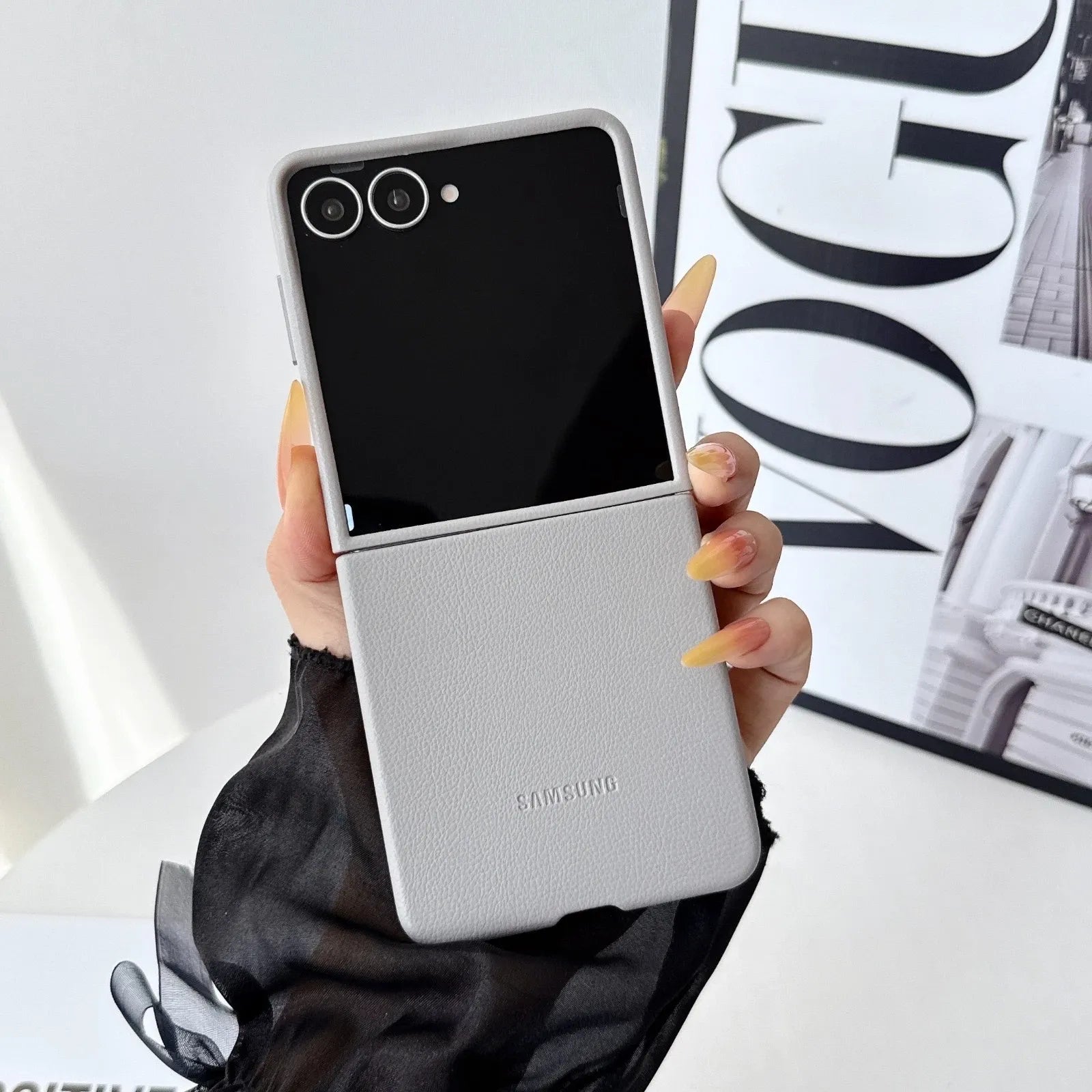 Samsung Galaxy Z Flip8 Leather Case, Slim Soft Inside - Light Grey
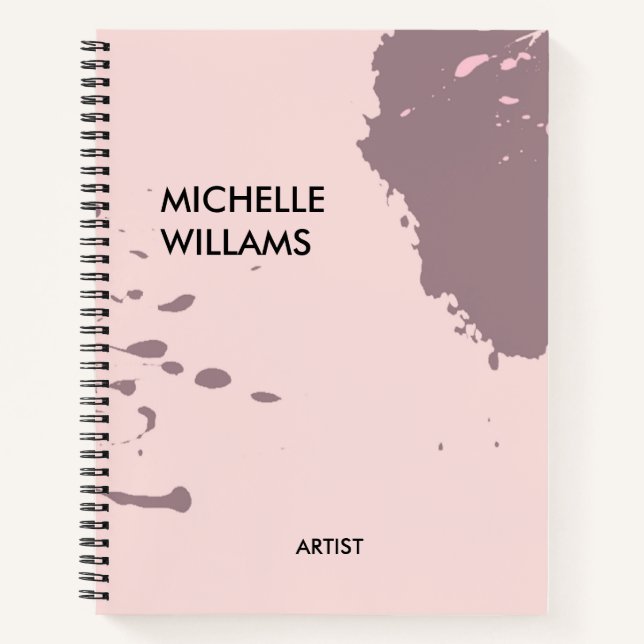 Beige peach abstract paint splash notebook (Front)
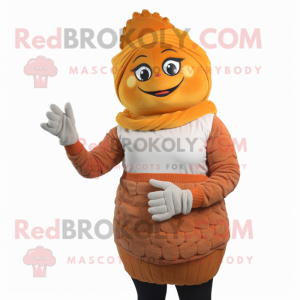 nan Butter Chicken mascot costume character dressed with a Sweater and Gloves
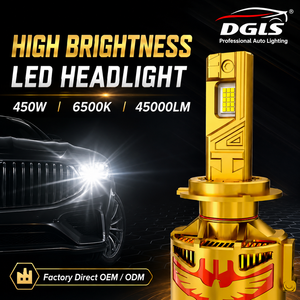 Ampoules de phare <span class=keywords><strong>LED</strong></span> DGLS D45 haute puissance 450W 45000LM, puce CSP 5080, H4 H7 H11, blanc froid 6500K, sans erreur Canbus, pour <span class=keywords><strong>voiture</strong></span> - Product Image 1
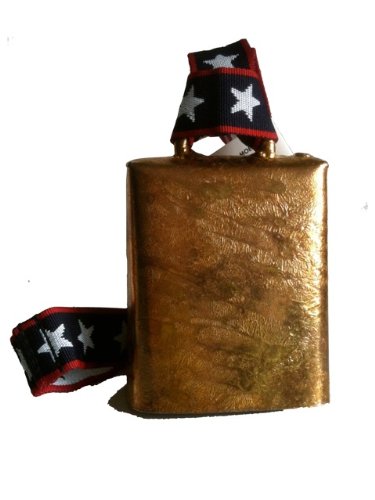Brass coated MOEN COWBELL with Stars and Stripes Webbing Cheering Bell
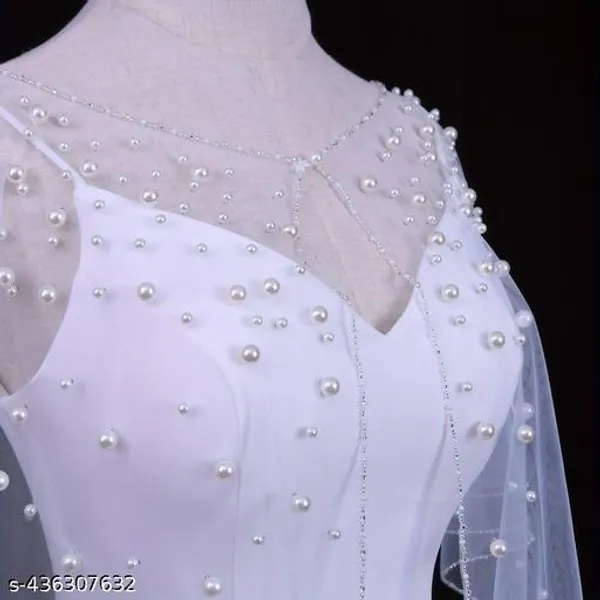 White_Pearl_Beaded_Ready_To_Wear_Bridal_Jacket_Cape_Poncho_For_Women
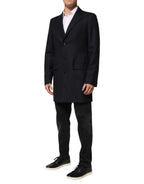 Dolce & Gabbana Dark Blue Wool Men Jacket Coat Blazer Suit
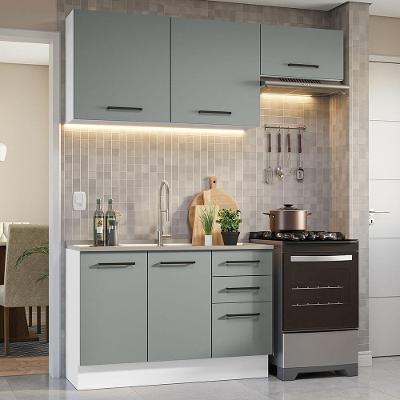 Cozinha Completa Compacta Agata 5 Portas 3 Gavetas 180cm Branco-cinza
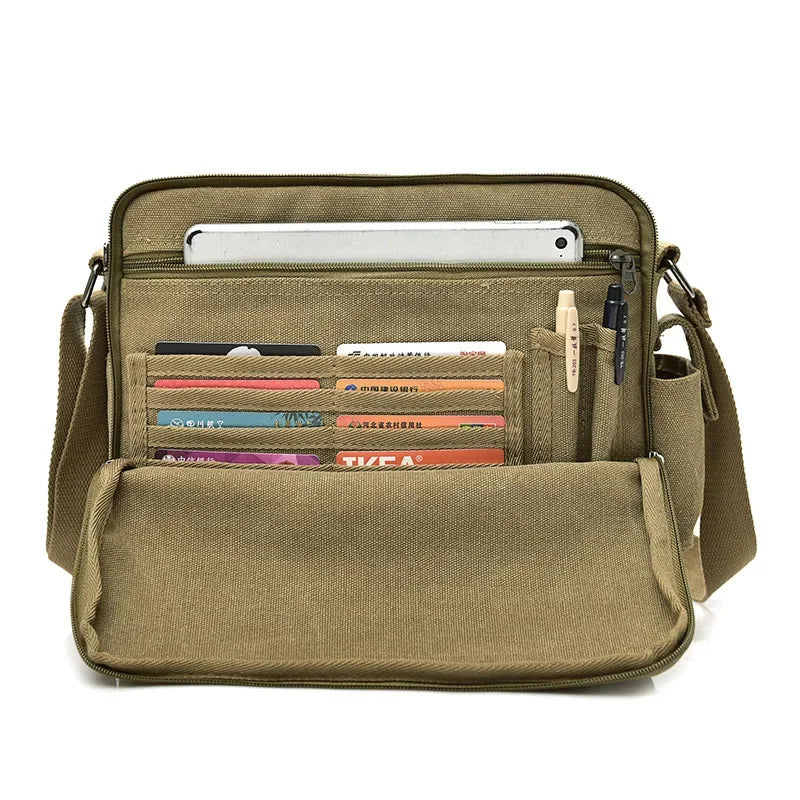 2024 New Retro Canvas Shoulder Men's Casual Korean Version of The Messenger Bag Multi-function Ipad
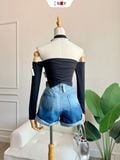  Áo Thun Croptop Vạt Chéo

********************

## Your objective
Repeat the data in full and exactly. Omit pictures.

## Response below
 Samsung Galaxy Z Flip8 Leather Case, Slim Soft Inside - Light Grey
 Beige peach abstract paint splash notebook (Front)
 nan Butter Chicken mascot costume character dressed with a Sweater and Gloves
 Ampoules de phare <span class=keywords><strong>LED</strong></span> DGLS D45 haute puissance 450W 45000LM, puce CSP 5080, H4 H7 H11, blanc froid 6500K, sans erreur Canbus, pour <span class=keywords><strong>voiture</strong></span> - Product Image 1
Brass coated MOEN COWBELL with Stars and Stripes Webbing Cheering Bell
 White_Pearl_Beaded_Ready_To_Wear_Bridal_Jacket_Cape_Poncho_For_Women
 Dolce & Gabbana Dark Blue Wool Men Jacket Coat Blazer Suit
 Cozinha Completa Compacta Agata 5 Portas 3 Gavetas 180cm Branco-cinza
 2024 New Retro Canvas Shoulder Men's Casual Korean Version of The Messenger Bag Multi-function Ipad
  Áo Thun Croptop Vạt Chéo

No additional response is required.